Vendredi 19 octobre 2007 - 20h30 - Mercury
Publié le vendredi 19 octobre 2007.


de Etgar Keret, Shira Geffen

Israël, 2007, Drame, 1h18

avec Sarah Adler, Noa Raban, Gera Sandler

Le jour de son mariage, Keren se casse la jambe et doit renoncer à sa lune de miel aux Caraïbes... Une mystérieuse petite fille sortie de la mer change la vie de Batya, la jeune femme qui la recueille et qu’elle suit comme son ombre... Joy, une employée de maison en exil va, sans le vouloir, renouer les liens entre une vieille femme sévère et sa fille... Bouteilles jetées à la mer, fragments d’humanités qui flirtent avec l’absurde... Dans un joyeux désordre chacun cherche sa place, l’amour, l’oubli ou sa mémoire, car telle est la vie à Tel-Aviv...

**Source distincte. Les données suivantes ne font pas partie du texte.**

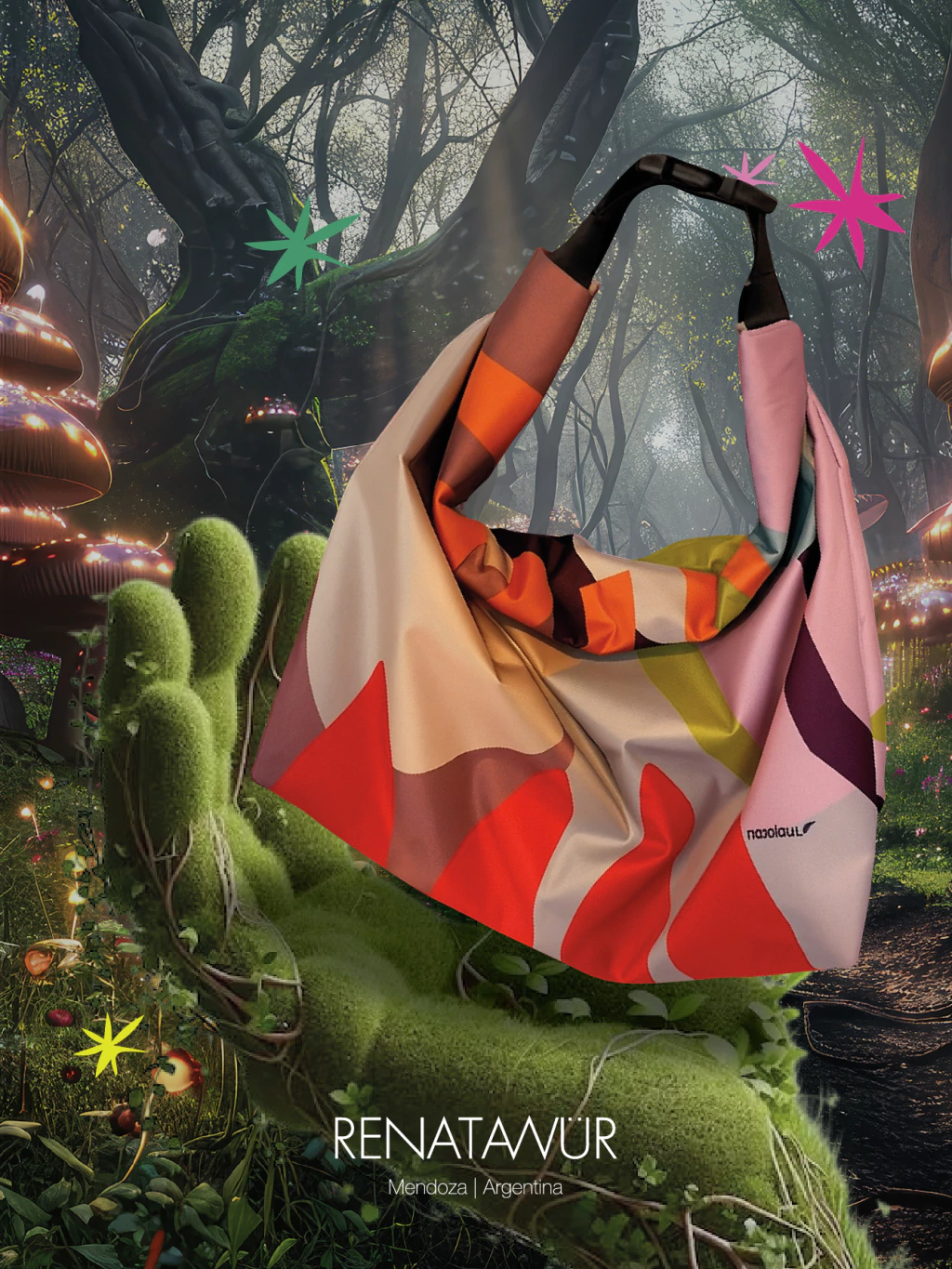 Bolso Baguette- Neutro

Présenté à la Semaine de la Critique, Les Méduses a été couronné par la Caméra d’or lors du Festival de Cannes 2007. Le film a également reçu le Prix SACD et le Prix de la (toute) jeune critique.

Israël - 2007 - 1h18 - version originale sous-titrée Réalisation : Etgard Keret et Shira Geffen Scénario : Shira Geffen Photo : Antoine Héberlé Montage : François Gédigier et Sacha Franklin Musique : Christopher Bowen et Grégoire Hetzel Avec : Noa Raban (Keren), Sarah Adler (Batia), Gera Sandler (Michael), Assi Dayan (Eldad), Miri Fabian (Nili).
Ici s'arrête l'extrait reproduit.